Movants argue that this is not a proceeding on the merits of the conduct of the committees, which proceeding was settled by the aforesaid agreement, and that to deny their request for sealing in the Surrogate’s Court would have a chilling effect on such settlements in the future. However, while there is a strong public interest in encouraging the settlement of private disputes, conclusory claims of the need for confidentiality of settlement agreements are insufficient to seal a record (see generally, George F. Carpinello, Public Access To Court Records In Civil Proceedings: The New York Approach, 54 Alb L Rev 93, 108-110). While it may have been a factor in the parties’ settlement negotiations in Supreme Court, given the substantial monetary component, confidentiality arguably was not the only or even the decisive factor. Indeed, as noted by the Surrogate, its investigation revealed that, despite the confidentiality agreement, the record in Supreme Court was never actually sealed; the objections to that account, which are the subject of the present sealing application, were simply not filed with the court.
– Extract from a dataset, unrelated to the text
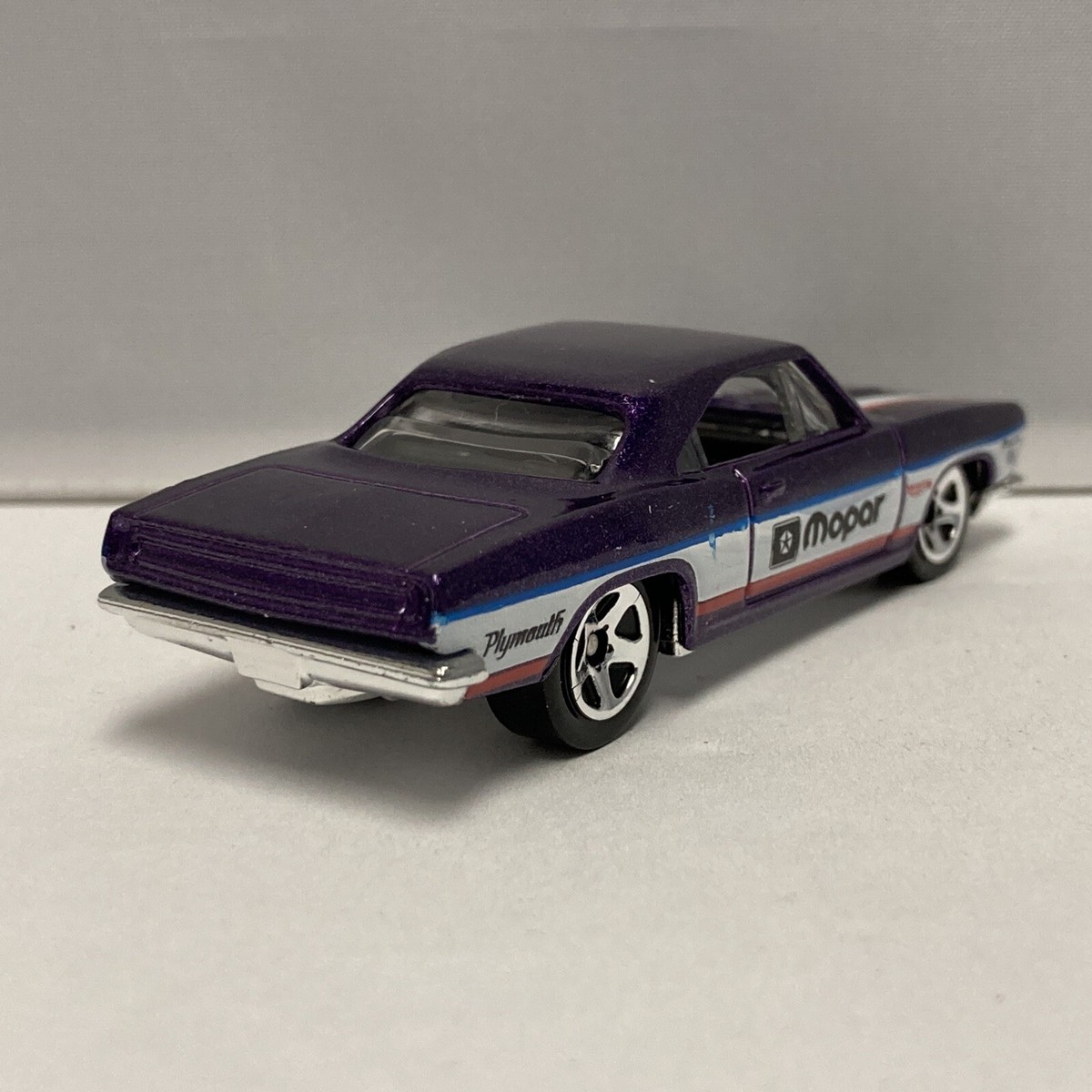 1968 68 Plymouth Barracuda Formula Collectible 1/64 Scale Diecast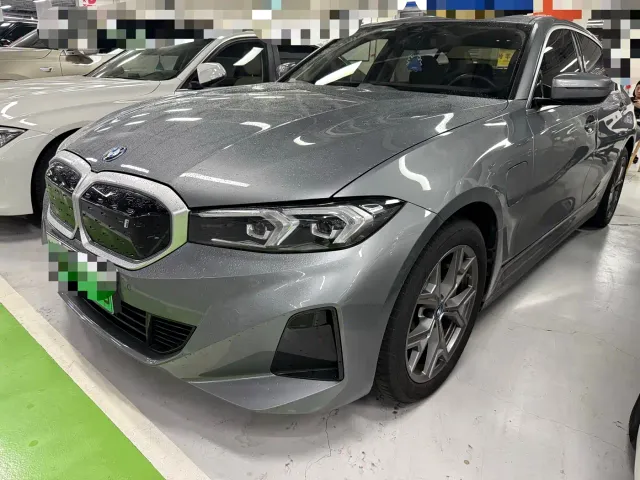 Фотография автомобиля — BMW i3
Movants’ reliance upon Matter of Twentieth Century Fox Film Corp. (190 AD2d 483) is misplaced inasmuch as that case involved the question of disclosure of the terms of an infant’s motion picture contracts which were subject to the Surrogate’s approval. This Court found sealing to be appropriate since it supported the goal of Arts and Cultural Affairs Law § 35.03 of encouraging parties to enter into contracts beneficial to the infant. Under the particular circumstances of that case, it also found that it was in the best interests of the infant and his family. That disclosure of the details of the contract could give the movie studio’s competitors an advantage and could disadvantage it in future negotiations with other artists was also noted.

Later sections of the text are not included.